No test substance-related changes in sperm morphology or differential counts were detected on this study
There was no test substance-related effect on ovarian follicle counts in the 100 mg/kg/day group compared to the control group

Effect levels

Dose descriptor:
NOAEL
Effect level:
100 mg/kg bw/day (nominal)
Based on:
test mat.
Sex:
male/female
Basis for effect level:
other: no adverse effects observed up to and including the highest dose group

Target system / organ toxicity

Critical effects observed:
no

Any other information on results incl. tables

For summary tables of body weight, body weight changes, hematology and coagulation values, serum chemistry values, other chemistry values, sperm motility and concentrations, sperm morphology differential counts, gross pathology findings, organ weights absolute and relative, and histopathology findings see "Attached background material".

 

Applicant's summary and conclusion

Conclusions:
Based on the results of this study, oral administration of the test substance to Wistar Han rats at dosage levels of 10, 30, and 100 mg/kg/day for a minimum of 90 days was well tolerated at all dosages. Therefore, the no-observed-adverse-effect level (NOAEL) was considered to be 100 mg/kg/day.
Executive summary:

The test substance was administered daily by oral gavage to 10 male and 10 female Wistar Han rats at doses of 0 mg/kg bw/day (test group 1), 10 mg/kg bw/day (test group 2), 30 mg/kg bw/day (test group 3) and 100 mg/kg bw/day (test group 4) for at least 90 consecutive days.

The following parameters and end points were evaluated in this study: clinical signs, body weights, body weight gains, food consumption, functional observational battery, motor activity, ophthalmology, thyroid hormone assessment, clinical pathology parameters (hematology, coagulation, serum chemistry, and urinalysis), spermatogenesis evaluation, gross necropsy findings, organ weights, and histopathologic examinations.

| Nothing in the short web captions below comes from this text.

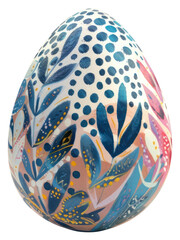 Wall Mural - PNG 3d illustration easter egg hand-painted decorative decoration.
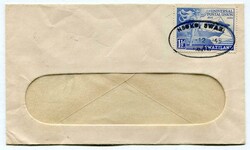 1949 Window envelope franked U.P.U. 1 1/2d adhesive tied by scarce ...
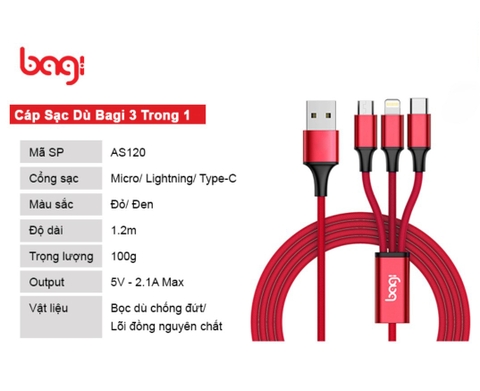 Cáp sạc Bagi AS120 3 trong 1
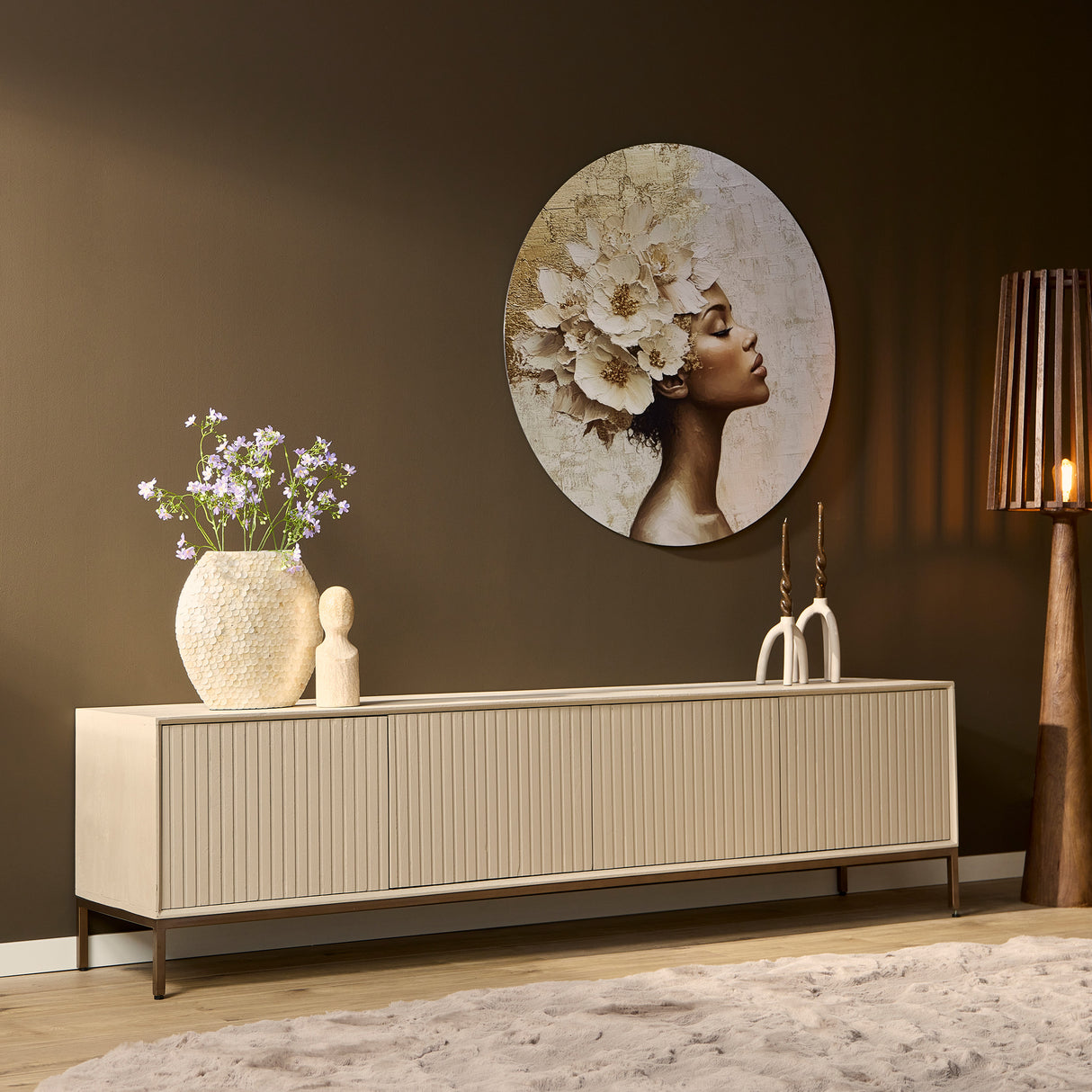 TV Furniture – Mango Wood, Slat Pattern, Sand Color – Madison | Starfurn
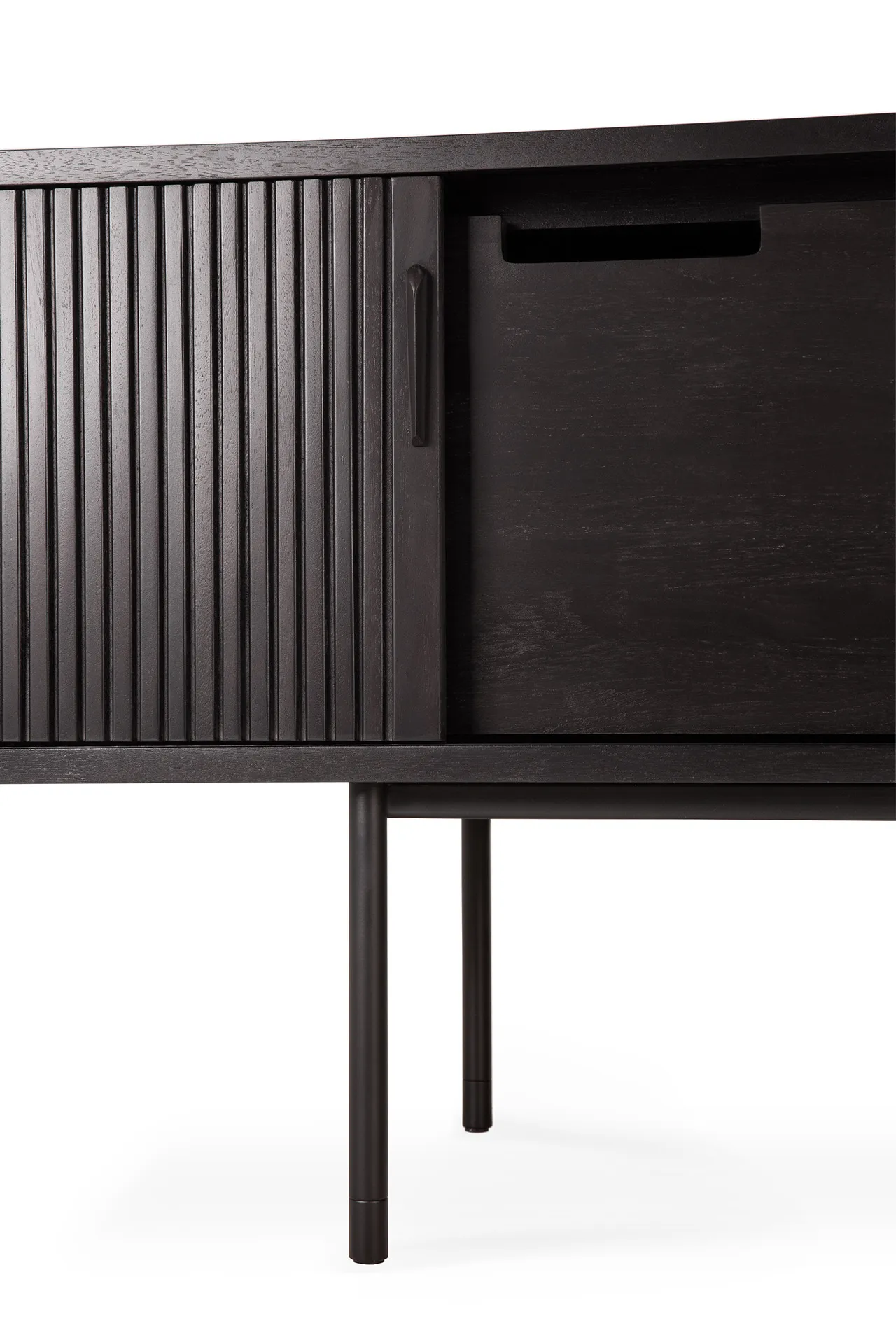 Roller Max TV unit, Lacquered teak-black-2 doors Ethnicraft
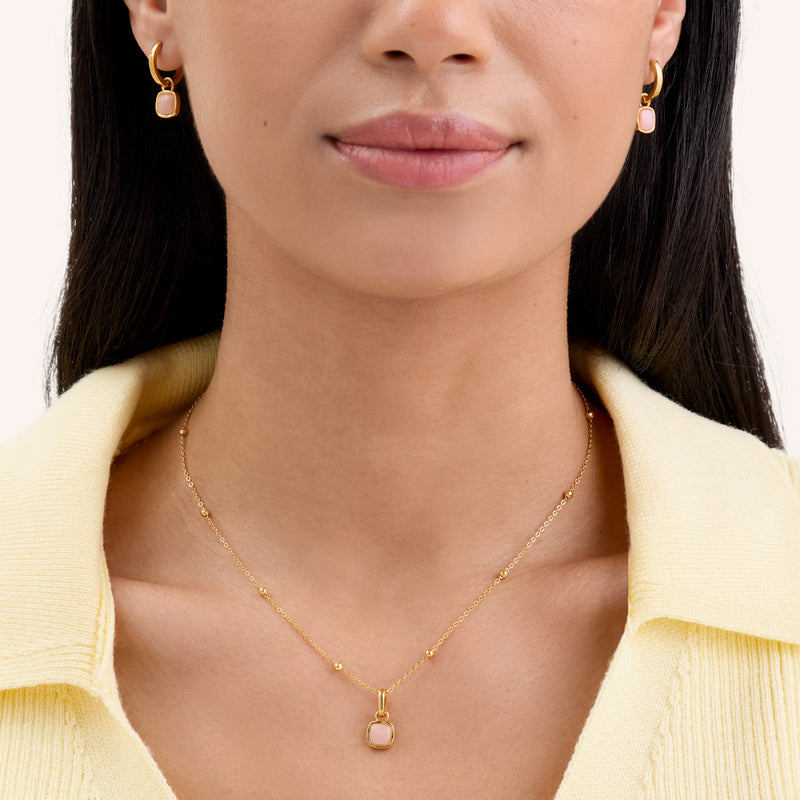 Pale Pink Opal Cushion Necklace & Earrings Set (Gold)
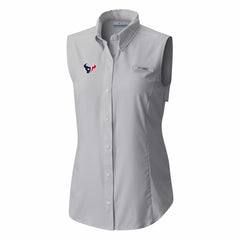 Houston Texans Women's PFG Tamiami Omni-Shade Sleeveless Button-Up Shirt Gray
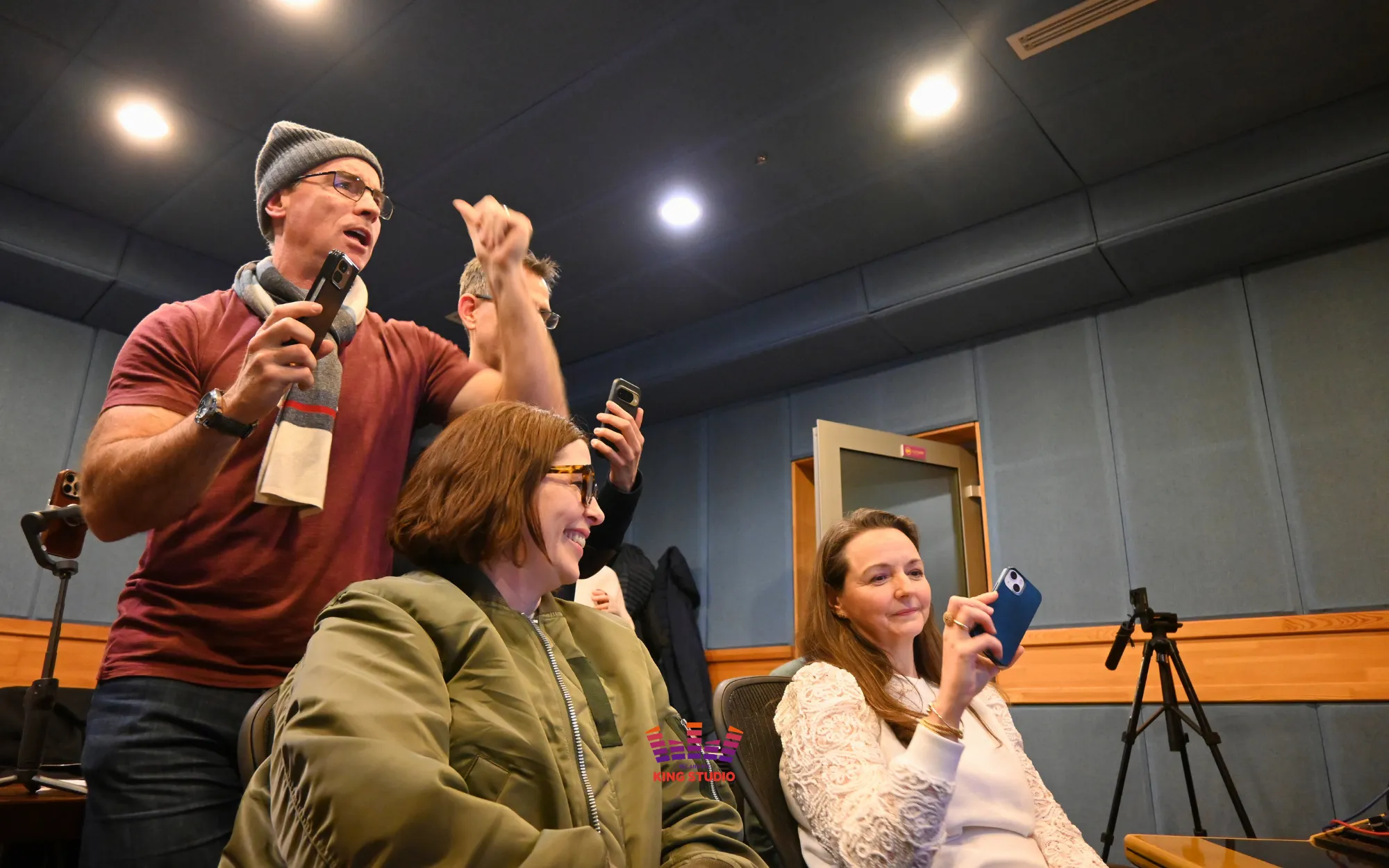 Google team listening to final recording during monitoring session - Successful completion of unique workshop at Gangnam recording studio venue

All animals survived to the scheduled necropsy. There were no test substance-related clinical observations or effects on body weight, hematology, coagulation, or urinalysis. There were no test substance-related ophthalmic, macroscopic, microscopic findings, or effects on ovarian follicle counts, thyriod hormones (T3, T4 or TSH levels), sperm morphology or differential counts.

Test substance-related higher food consumption was noted in the 100 mg/kg/day group males and females (Days 1–90), and in the 30 mg/kg/day group males (Days 29–90), compared to the control group.

Test substance-related higher cholesterol and potassium, and lower mean chloride levels were noted in the 100 mg/kg/day group males on Week 13, compared to the control group.

Test substance-related higher mean organ weights were noted in the liver and thyroid/parathyroid gland of the100 mg/kg/day group males. Higher mean kidney weights were present in the 100 mg/kg/day group males, and lower mean thymus weights were seen in the >10 mg/kg/day group females, but relationship of these to the test substance was considered uncertain.

Based on the results of this study, oral administration of the test substance to Wistar Han rats at dosage levels of 10, 30, and 100 mg/kg/day for a minimum of 90 days was well tolerated at all dosages. Therefore, the no-observed-adverse-effect level (NOAEL) was considered to be 100 mg/kg/day.